In addition to the 2-D to 3-D transformation component, the abstract nature of most standard tests is illustrated by the fact that tests of mental rotation typically use stylized 2-D representations of 3-D objects, such as block configurations with minimal depth cues. In fact, occlusion is often the only cue available, and it actually has been shown to hinder performance on the task (Voyer & Hou, 2006). Accordingly, such images have little bearing on the type of mental rotation tasks one might need to perform in the real world. In most cases, this means that completing a mental rotation test with 2-D stimuli requires the construction of a 3-D representation on the part of the test-taker on the basis of inappropriate depth cues. In addition, this aspect (2-D to 3-D conversion) was presented by Voyer and Hou as an important component of the observed better performance for males than for females in mental rotation. It is therefore possible that spatial thinking investigated by psychometric tests and real-world spatial thinking might be partly governed by different cognitive processes. This difference could then account for the better performance of men than of women on paper tests, but not in environments more closely resembling the real-world view, purportedly as a function of the dimensional abstraction required in task completion.

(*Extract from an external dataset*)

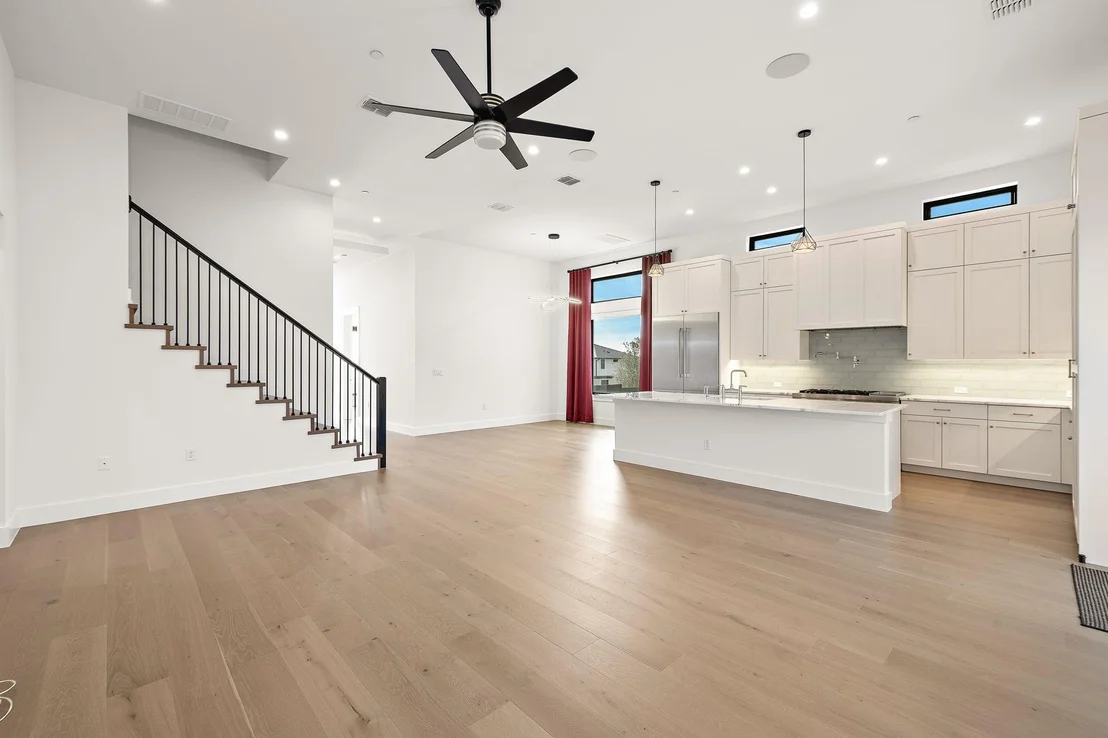 Photo of 5900 Moondust LN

The research presented here investigated the relation between abstract spatial ability, as measured with standard spatial tests, and geospatial cognition, as measured with a new test using images of landscapes relying on shading as a depth cue. In the present experiment, we aimed to examine more closely the potential role of the 2-D to 3-D conversion on gender differences in mental rotation as a handle for understanding the role of this conversion in mental rotation performance. A test of landscape perception that offers a closer approximation of an intuitive view of a landscape was designed specifically for this research. A computer-generated rendition of a natural landscape was synthesized in an attempt to depict that landscape in a way that is generally familiar to the viewer (requiring no or minimal abstract image construction). The aim was to present the participant with a view of a natural terrain corresponding to a landscape rather than a line representation of an abstract geometric object. That terrain (a mountainous landscape) was visualized using standard 3-D graphic sun-illumination techniques, with shading proportional to local surface slope and directional light source. Thus, the only clues to relative changes in elevation came from intuitive hill shading. The task required mapping the 3-D view into a 2-D view and vice-versa. In this way, we hoped to have an indirect measure of the 2-D to 3-D conversion process with a minimal mental rotation component. Construction of such a test was necessary since, to our knowledge, past research of seeming relevance has focused on map-reading skills (e.g., Goldberg & Kirman, 1990), thereby involving only 2-D processing. An example of one item from this Landscape Perception Test (LPT) is presented in Fig. 1.

Fig. 1
figure 1

Sample item from the Landscape Perception Test. This item requires conversion of the 2-D target into the 3-D response alternatives. Participants are told that the arrow line in the 3-D view reflects the location of the cut seen in the 2-D view above the response alternatives. The correct response for this item is a

An informal analysis of the items on the LPT allows inferences concerning the processes that might be involved in this test. In a general sense, the test requires skills that cartographers might apply in their everyday work. Specifically, the task involves reading the topography of a terrain by translation of a 2-D target into a 3-D response alternative (and vice versa). This is the base process that the task purports to measure, and it would allow a cartographer to have a sense of the elevation and shape of the terrain. In fact, this would also allow a hiker to obtain a “read” of the terrain if the image referred to a trail map, for example. This emphasizes the real-world relevance of the LPT. However, it is possible that some participants might use mental rotation to some extent in completing the task—for example, to match line position on the landscape with the terrain profile. In addition, some participants might choose to alter their perspective on the alternatives in the course of task completion. In fact, participants could potentially rotate themselves around the alternatives in imagination (perspective change) or rotate the alternatives (mental rotation), as is always a possibility in this type of task (Hegarty & Waller, 2004). Therefore, the LPT should show a relatively large correlation with any mental rotation measure, due mostly to the common 2-D to 3-D transformation component and, to a much smaller extent, to a minimal mental rotation component. In addition, it should show a small significant correlation with a measure of perspective taking.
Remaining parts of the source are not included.